INSTRUCTIONS FOR THE TASK —
From the line that contains "Contemporary Console Table" through the line that contains "Ολυμπιακός-Αρμάνι Μιλάνο 73-63 (τελικό)", output every line of the listing below exactly and leave out all the rest.

DATA EXTRACTS —
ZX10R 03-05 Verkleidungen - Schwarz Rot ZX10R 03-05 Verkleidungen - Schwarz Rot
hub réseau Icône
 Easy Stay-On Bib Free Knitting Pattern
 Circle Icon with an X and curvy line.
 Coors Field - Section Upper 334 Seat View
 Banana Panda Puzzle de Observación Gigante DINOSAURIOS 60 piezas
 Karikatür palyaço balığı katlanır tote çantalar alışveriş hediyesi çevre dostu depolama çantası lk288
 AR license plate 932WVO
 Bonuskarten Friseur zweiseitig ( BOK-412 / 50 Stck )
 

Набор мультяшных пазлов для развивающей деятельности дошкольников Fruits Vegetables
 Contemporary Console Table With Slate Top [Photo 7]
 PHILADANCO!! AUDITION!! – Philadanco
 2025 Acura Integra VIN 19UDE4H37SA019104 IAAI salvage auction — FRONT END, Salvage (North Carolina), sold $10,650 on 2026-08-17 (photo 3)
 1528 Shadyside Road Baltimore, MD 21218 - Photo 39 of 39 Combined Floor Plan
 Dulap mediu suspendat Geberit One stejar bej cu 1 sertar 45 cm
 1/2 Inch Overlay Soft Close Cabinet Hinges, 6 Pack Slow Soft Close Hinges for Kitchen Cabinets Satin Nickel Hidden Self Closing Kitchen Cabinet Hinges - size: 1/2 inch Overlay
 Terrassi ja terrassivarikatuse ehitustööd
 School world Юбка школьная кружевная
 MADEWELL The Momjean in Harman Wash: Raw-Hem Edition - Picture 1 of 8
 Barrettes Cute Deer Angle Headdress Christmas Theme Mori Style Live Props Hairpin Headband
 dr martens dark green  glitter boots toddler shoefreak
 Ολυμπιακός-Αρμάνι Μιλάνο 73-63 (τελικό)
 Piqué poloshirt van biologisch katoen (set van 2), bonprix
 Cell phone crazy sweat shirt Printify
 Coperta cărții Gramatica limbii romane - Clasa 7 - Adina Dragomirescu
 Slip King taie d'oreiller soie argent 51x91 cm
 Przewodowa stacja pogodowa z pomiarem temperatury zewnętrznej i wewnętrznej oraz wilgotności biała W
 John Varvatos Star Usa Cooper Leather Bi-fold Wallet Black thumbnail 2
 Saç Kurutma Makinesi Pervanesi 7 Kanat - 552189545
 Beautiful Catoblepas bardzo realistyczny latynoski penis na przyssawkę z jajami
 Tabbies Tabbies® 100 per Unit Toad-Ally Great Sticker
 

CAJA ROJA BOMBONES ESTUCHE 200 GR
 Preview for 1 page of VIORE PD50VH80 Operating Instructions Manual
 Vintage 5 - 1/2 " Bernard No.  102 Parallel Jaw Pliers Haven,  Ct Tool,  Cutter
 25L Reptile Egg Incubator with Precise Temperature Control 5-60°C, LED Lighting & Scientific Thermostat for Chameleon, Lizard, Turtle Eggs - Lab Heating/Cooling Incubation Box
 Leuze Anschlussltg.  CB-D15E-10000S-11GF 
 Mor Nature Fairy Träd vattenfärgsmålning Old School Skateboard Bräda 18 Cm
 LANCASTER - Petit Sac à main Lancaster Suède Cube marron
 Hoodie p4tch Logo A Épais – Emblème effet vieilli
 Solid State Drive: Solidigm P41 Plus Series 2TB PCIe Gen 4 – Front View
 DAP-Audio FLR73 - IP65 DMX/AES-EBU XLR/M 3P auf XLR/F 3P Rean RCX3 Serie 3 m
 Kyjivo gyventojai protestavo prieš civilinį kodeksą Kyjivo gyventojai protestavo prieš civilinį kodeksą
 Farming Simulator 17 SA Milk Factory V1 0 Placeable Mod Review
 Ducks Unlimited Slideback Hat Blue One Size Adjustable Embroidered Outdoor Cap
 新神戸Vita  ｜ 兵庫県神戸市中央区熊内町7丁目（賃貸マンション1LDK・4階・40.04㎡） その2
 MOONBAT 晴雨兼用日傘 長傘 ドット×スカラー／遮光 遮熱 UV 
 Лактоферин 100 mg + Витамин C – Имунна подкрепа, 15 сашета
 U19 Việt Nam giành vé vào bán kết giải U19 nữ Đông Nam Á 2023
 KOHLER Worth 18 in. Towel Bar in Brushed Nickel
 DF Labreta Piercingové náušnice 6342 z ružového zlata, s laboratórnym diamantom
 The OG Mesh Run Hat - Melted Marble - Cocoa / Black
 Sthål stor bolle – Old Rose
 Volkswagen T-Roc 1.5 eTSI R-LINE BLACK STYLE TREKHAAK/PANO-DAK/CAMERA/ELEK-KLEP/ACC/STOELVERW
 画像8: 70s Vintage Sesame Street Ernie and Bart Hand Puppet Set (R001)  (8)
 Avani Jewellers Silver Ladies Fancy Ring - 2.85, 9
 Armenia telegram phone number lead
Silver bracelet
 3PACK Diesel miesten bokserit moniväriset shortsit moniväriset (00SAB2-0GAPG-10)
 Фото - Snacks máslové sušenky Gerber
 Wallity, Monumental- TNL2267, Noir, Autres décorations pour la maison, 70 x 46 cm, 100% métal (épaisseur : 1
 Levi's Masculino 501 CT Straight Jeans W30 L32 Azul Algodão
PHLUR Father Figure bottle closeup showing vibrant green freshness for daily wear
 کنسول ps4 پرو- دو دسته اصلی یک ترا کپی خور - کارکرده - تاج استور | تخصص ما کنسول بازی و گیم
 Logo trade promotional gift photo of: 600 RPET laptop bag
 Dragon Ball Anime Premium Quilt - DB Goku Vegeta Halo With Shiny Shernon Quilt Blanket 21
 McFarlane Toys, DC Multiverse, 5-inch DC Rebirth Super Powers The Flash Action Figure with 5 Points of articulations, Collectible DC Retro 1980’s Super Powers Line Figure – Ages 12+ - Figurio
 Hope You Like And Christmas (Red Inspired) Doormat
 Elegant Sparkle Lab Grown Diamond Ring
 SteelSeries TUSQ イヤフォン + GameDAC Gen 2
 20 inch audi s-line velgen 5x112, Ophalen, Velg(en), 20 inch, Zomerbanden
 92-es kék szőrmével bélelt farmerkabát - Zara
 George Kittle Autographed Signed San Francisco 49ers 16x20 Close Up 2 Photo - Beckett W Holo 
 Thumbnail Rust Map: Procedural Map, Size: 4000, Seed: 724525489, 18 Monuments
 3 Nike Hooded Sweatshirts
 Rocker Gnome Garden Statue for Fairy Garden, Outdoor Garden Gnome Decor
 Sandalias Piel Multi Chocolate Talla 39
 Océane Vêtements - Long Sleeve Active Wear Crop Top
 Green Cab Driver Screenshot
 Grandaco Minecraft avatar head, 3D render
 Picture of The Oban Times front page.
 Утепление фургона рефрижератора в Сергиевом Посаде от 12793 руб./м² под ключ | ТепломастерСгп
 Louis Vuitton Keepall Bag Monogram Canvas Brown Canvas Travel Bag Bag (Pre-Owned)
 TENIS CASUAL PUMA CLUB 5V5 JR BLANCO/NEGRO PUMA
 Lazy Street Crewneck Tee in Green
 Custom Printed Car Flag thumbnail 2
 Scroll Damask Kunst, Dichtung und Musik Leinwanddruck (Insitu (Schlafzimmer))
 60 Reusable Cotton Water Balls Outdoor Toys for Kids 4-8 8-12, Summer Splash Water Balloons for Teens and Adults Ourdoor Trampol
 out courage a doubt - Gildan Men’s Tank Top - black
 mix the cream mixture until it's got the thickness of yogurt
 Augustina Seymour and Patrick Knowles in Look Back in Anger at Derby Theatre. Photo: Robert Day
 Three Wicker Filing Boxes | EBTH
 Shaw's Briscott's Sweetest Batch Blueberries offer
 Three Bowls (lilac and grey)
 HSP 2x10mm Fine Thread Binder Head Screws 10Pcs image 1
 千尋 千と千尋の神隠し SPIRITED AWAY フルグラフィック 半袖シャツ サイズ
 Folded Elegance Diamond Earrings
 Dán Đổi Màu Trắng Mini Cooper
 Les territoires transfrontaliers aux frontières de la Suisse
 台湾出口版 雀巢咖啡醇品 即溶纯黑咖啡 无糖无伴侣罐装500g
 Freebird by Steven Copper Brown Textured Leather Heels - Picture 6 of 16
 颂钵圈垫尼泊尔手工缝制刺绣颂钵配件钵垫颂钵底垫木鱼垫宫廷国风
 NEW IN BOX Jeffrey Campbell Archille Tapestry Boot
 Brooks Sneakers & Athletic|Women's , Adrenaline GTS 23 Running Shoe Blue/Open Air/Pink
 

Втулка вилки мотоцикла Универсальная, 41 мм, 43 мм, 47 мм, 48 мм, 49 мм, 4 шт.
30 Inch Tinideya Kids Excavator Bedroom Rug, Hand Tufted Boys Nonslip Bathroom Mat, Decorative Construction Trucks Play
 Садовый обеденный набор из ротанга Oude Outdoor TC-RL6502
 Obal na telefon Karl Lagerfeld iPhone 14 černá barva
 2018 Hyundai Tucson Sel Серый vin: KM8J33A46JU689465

WRITTEN RESPONSE —
 Contemporary Console Table With Slate Top [Photo 7]
 PHILADANCO!! AUDITION!! – Philadanco
 2025 Acura Integra VIN 19UDE4H37SA019104 IAAI salvage auction — FRONT END, Salvage (North Carolina), sold $10,650 on 2026-08-17 (photo 3)
 1528 Shadyside Road Baltimore, MD 21218 - Photo 39 of 39 Combined Floor Plan
 Dulap mediu suspendat Geberit One stejar bej cu 1 sertar 45 cm
 1/2 Inch Overlay Soft Close Cabinet Hinges, 6 Pack Slow Soft Close Hinges for Kitchen Cabinets Satin Nickel Hidden Self Closing Kitchen Cabinet Hinges - size: 1/2 inch Overlay
 Terrassi ja terrassivarikatuse ehitustööd
 School world Юбка школьная кружевная
 MADEWELL The Momjean in Harman Wash: Raw-Hem Edition - Picture 1 of 8
 Barrettes Cute Deer Angle Headdress Christmas Theme Mori Style Live Props Hairpin Headband
 dr martens dark green  glitter boots toddler shoefreak
 Ολυμπιακός-Αρμάνι Μιλάνο 73-63 (τελικό)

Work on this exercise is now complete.